● EXERCISE DESCRIPTION:
Restate the records that follow word for word; no pictures should appear.

[Opening SOURCE DATA section]

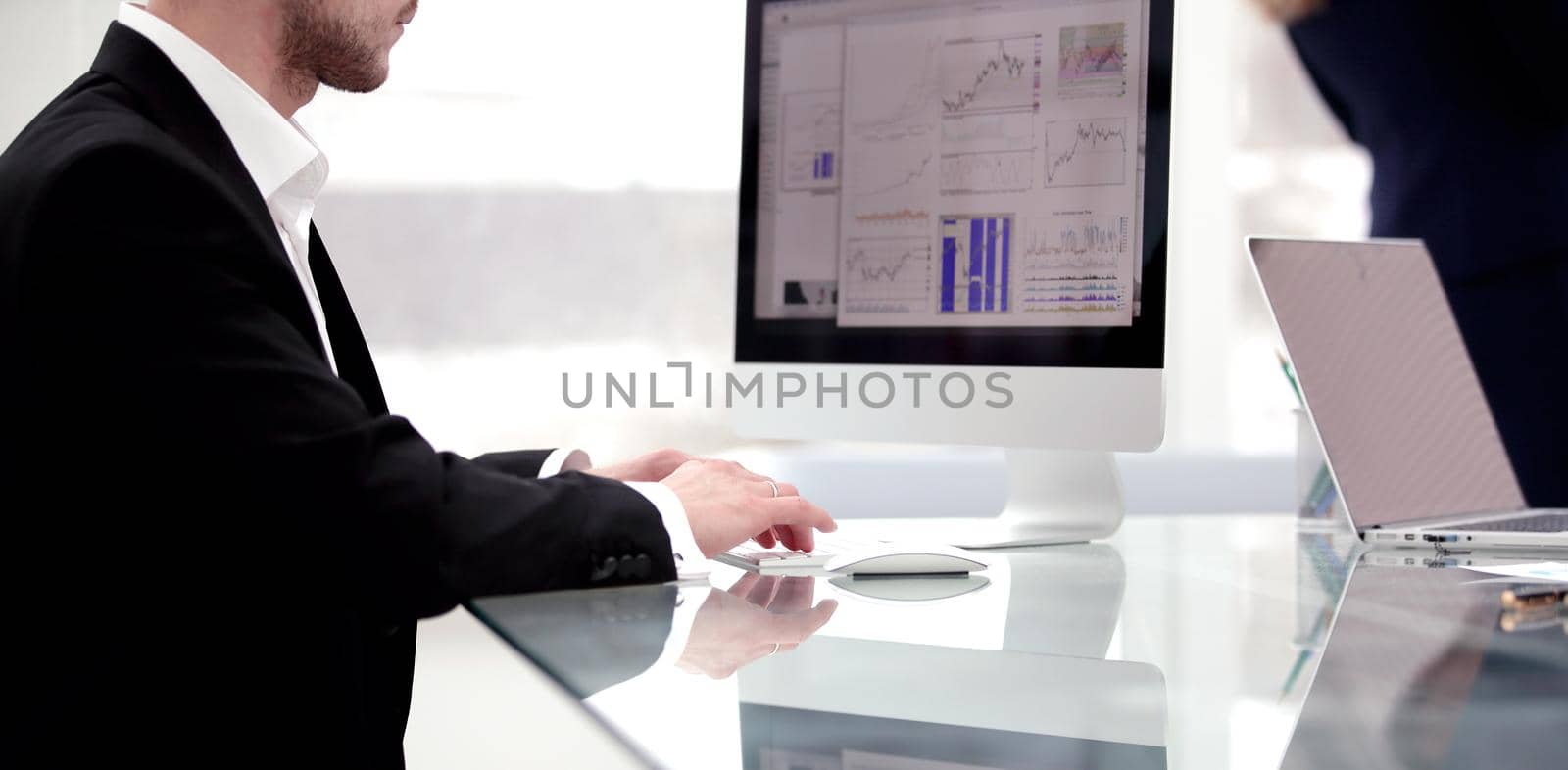 close up.young businessman working with financial charts.photo with copy space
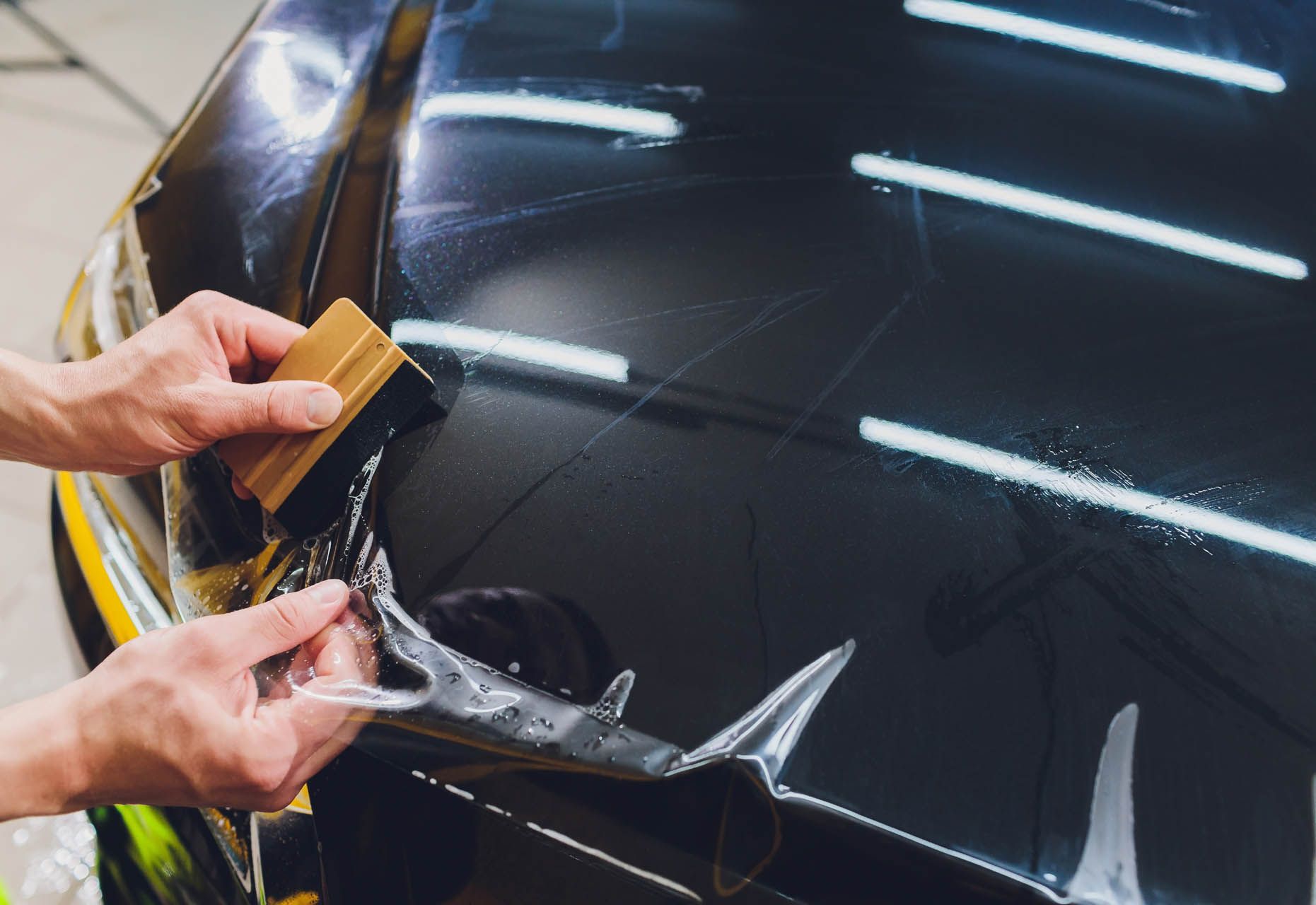 Hands applying protective film to a black car hood using a squeegee.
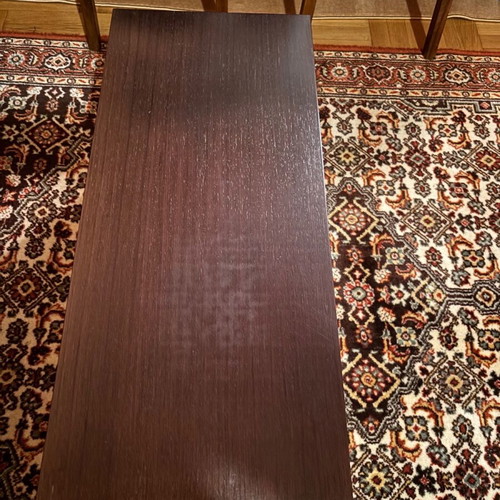 Coffee table used, rectangular wood with hidden wheels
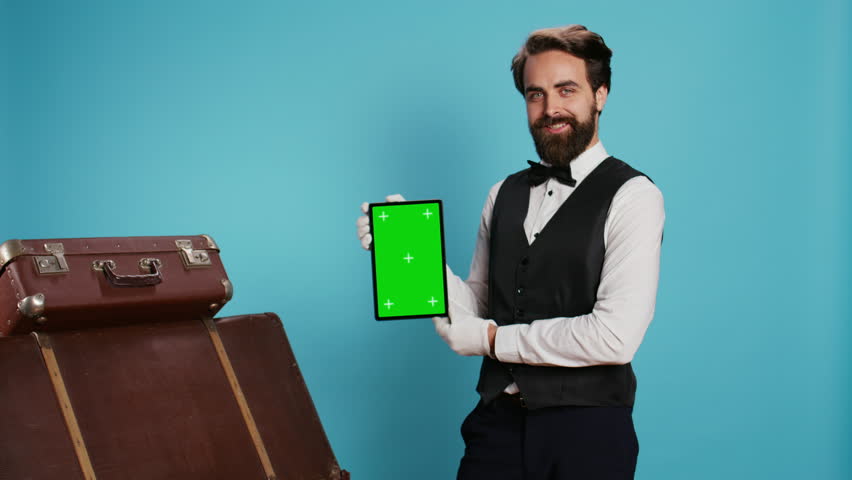 Elegant bellboy holding tablet on camera and presenting blank greenscreen display, symbolizing hotel concierge services with professionalism. Porter in suit and tie pointing at isolated mockup. Royalty-Free Stock Footage #1107753427
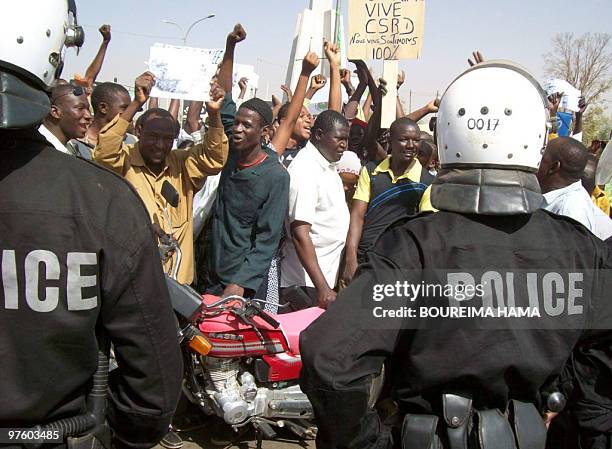 People attend a rally in Niger's capital Niamey on February 20, 2010 in support of their new military rulers after a coup ousted the strongman of the...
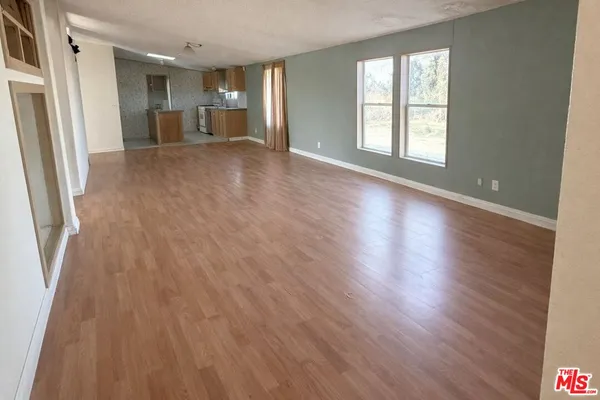 a bathroom with a granite countertop sink toilet a mirror and shower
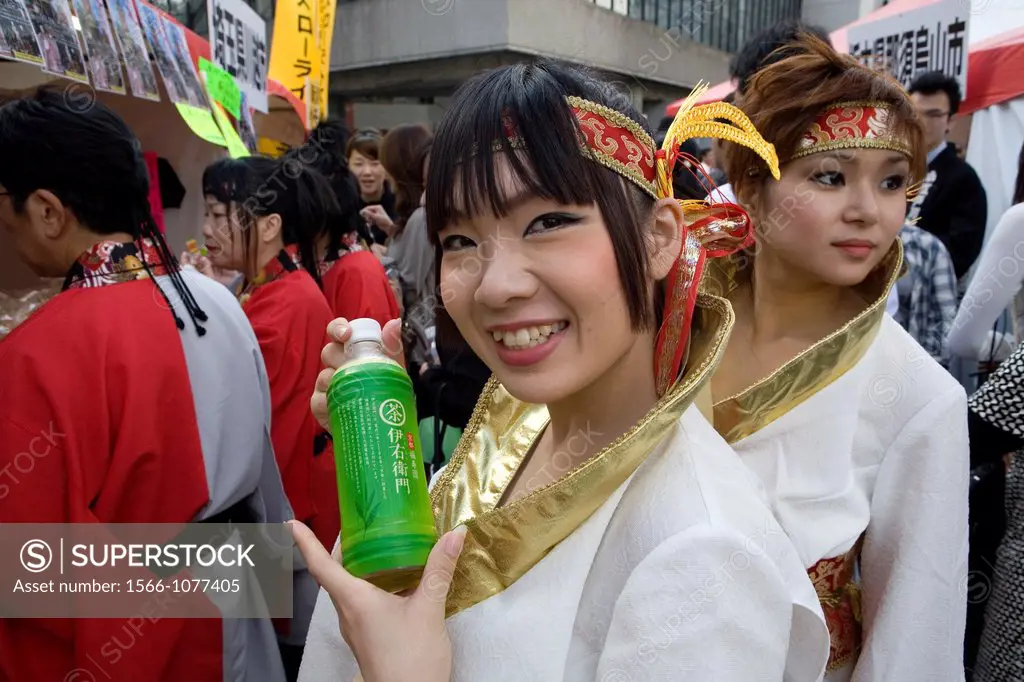 A japanese woman shows her favourite softdrink She is part of a dancegroup which explains her nice dress she is wearing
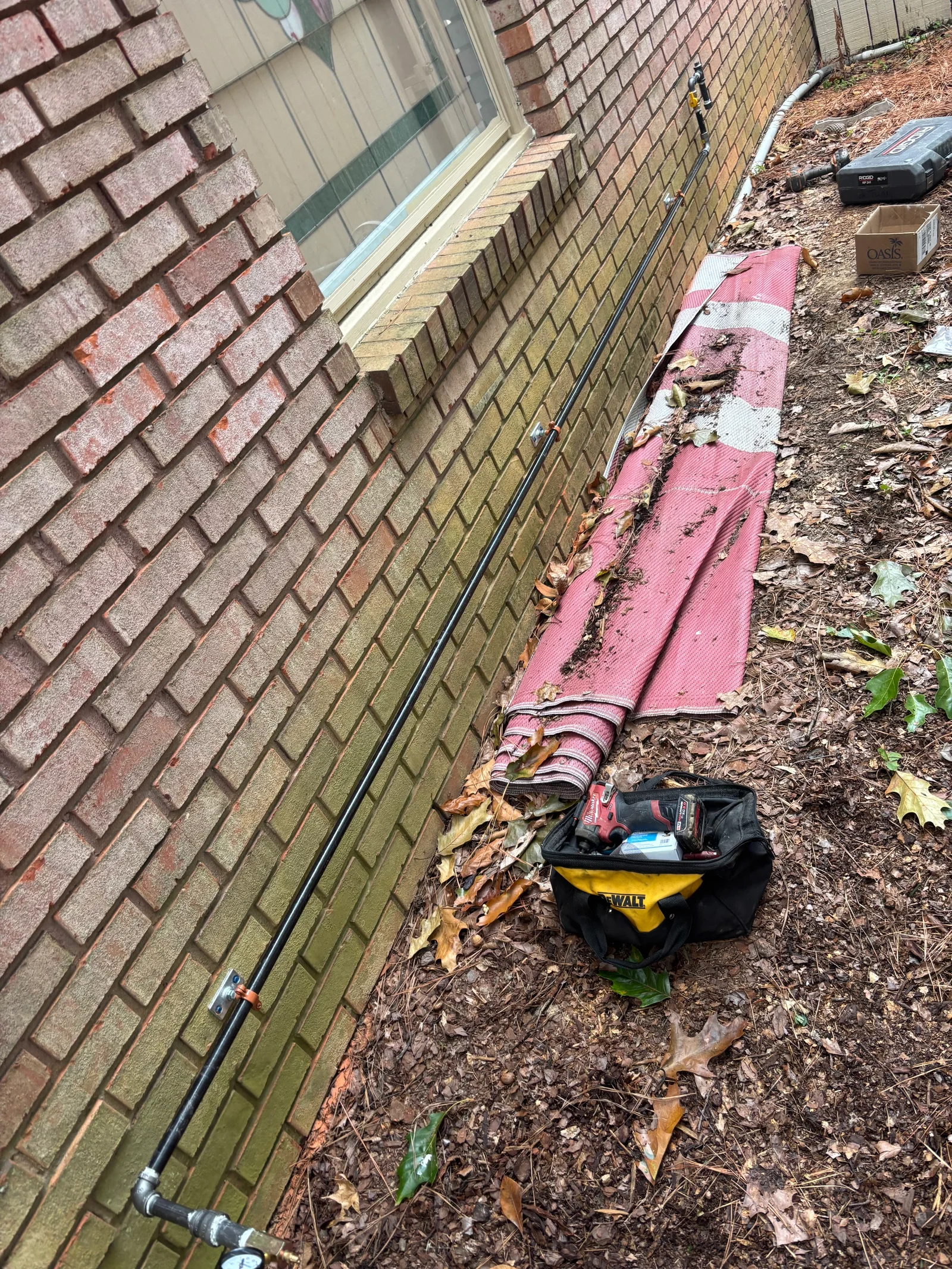 Gas line copper tubing installation along brick foundation with support straps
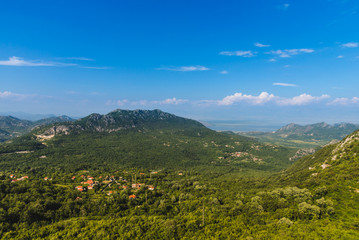 Naklejka na ściany i meble Montenegro landscape with balkan mountain village and rocks by cloudy day. Montenegrin wild nature scenery panoramic view with small town in the mountains valley. Freedom and adventure concept.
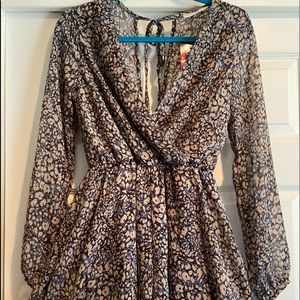 NWT Floral long sleeved romper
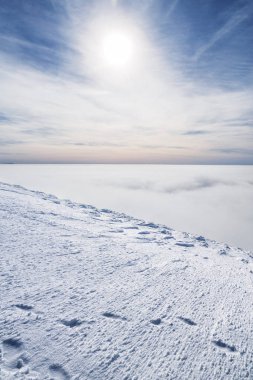 Dağ başında beyaz ağır bulutların üzerinde kar ile kaplı. Güneş ve mavi gökyüzü arka plan.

[Closing SOURCE DATA section]

● EXERCISE SOLUTION:
 close up.young businessman working with financial charts.photo with copy space
 Hands applying protective film to a black car hood using a squeegee.
 Coffee table used, rectangular wood with hidden wheels
 Elegant bellboy holding tablet on camera and presenting blank greenscreen display, symbolizing hotel concierge services with professionalism. Porter in suit and tie pointing at isolated mockup. Royalty-Free Stock Footage #1107753427
 People attend a rally in Niger's capital Niamey on February 20, 2010 in support of their new military rulers after a coup ousted the strongman of the...
 a bathroom with a granite countertop sink toilet a mirror and shower
 A japanese woman shows her favourite softdrink She is part of a dancegroup which explains her nice dress she is wearing
 Gas line copper tubing installation along brick foundation with support straps
 Naklejka na ściany i meble Montenegro landscape with balkan mountain village and rocks by cloudy day. Montenegrin wild nature scenery panoramic view with small town in the mountains valley. Freedom and adventure concept.
 NWT Floral long sleeved romper
 Dağ başında beyaz ağır bulutların üzerinde kar ile kaplı. Güneş ve mavi gökyüzü arka plan.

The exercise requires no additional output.